Over the last few years, scientists have continued to explore "one-way" light, which refers to a light beam that only materializes in one direction. This effect is created using optical diodes in a similar manner that standard diodes are used in an electric circuit to prevent the current from travelling in a certain direction. Now, researchers from Nanjing University have built upon this previous research to theoretically show that "one-way" light beams in photonic crystals can be shaped into various trajectories using a gradient magnetic field. The finding could help scientists further understand integrated photonic circuits, where beams of light are the root of their operations.
Although light beams typically broaden as they propagate when in photonic crystals, the researchers show that these crystals can be altered so that the light stays highly focused and self-collimated, preventing the broadening process. Furthermore, they found that applying a gradient magnetic field to the crystal after this alteration can cause the self-collimated beam to change its direction over time.
"First, we found the novel effect of self-collimation of a unidirectional electromagnetic wave beam in gyrotropic photonic crystals," said Rui-xin Wu, co-author of the study, in a press release. "Second, the more interesting part is that we can steer the wave beam trajectory through the distribution of a bias magnetic field, providing a flexible means to control the wave beam propagation."

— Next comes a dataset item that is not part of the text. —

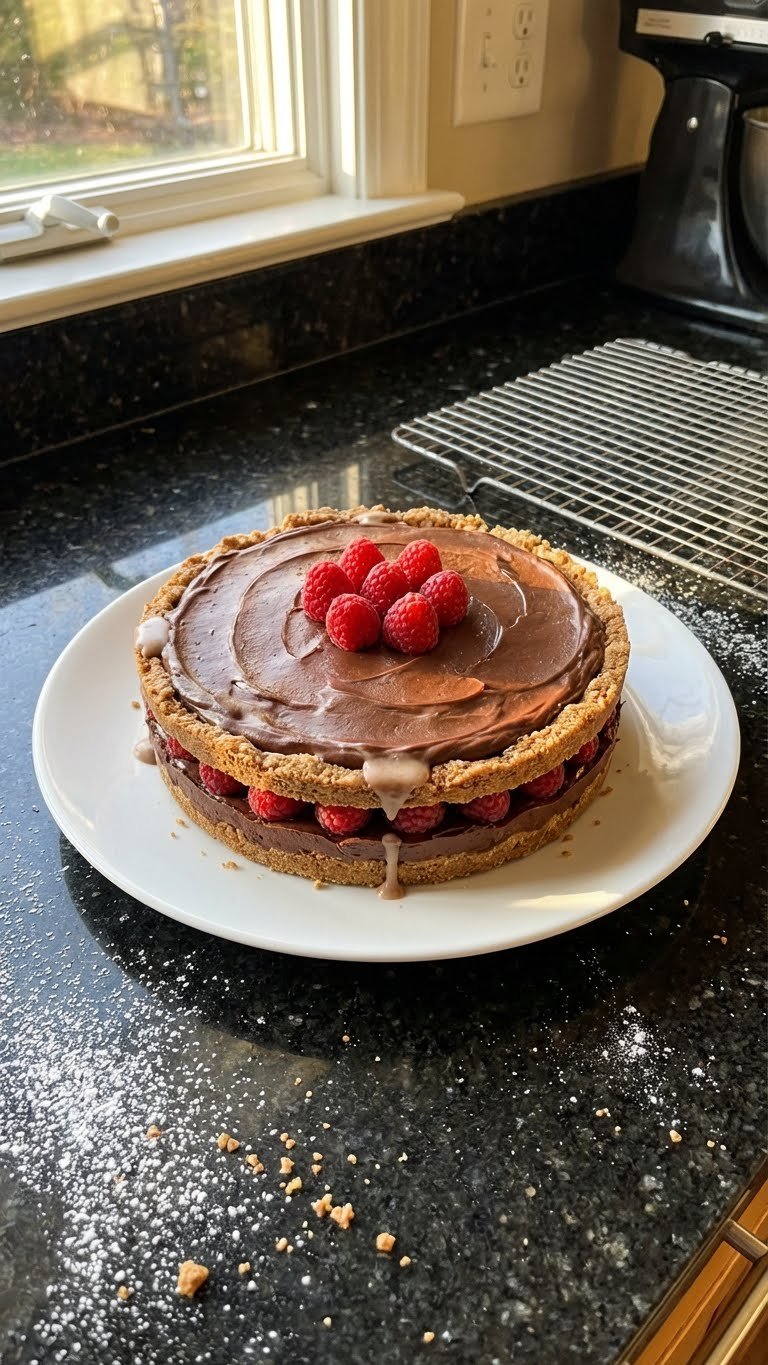 Dekadente Himbeer Schoko Tarte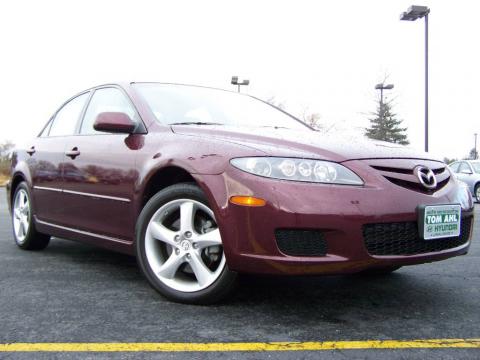 Dark Cherry Mica Mazda MAZDA6 i Sport Sedan.  Click to enlarge.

The researchers plan to continue their study into these "one-way" beams and better understand their underlying mechanisms. Advancements in the field could be used to integrate the beams into a wide variety of applications, including optical communications and invisibility cloaks.
"Another potential application is to hide an object within the photonic crystal," said Wu. "Since the wave path can be bent in a controlled way, we can have the wave beam trajectory go around but not hit the object, so that the object cannot be seen."
The findings were published in the Dec. 16 issue of Applied Physics Letters.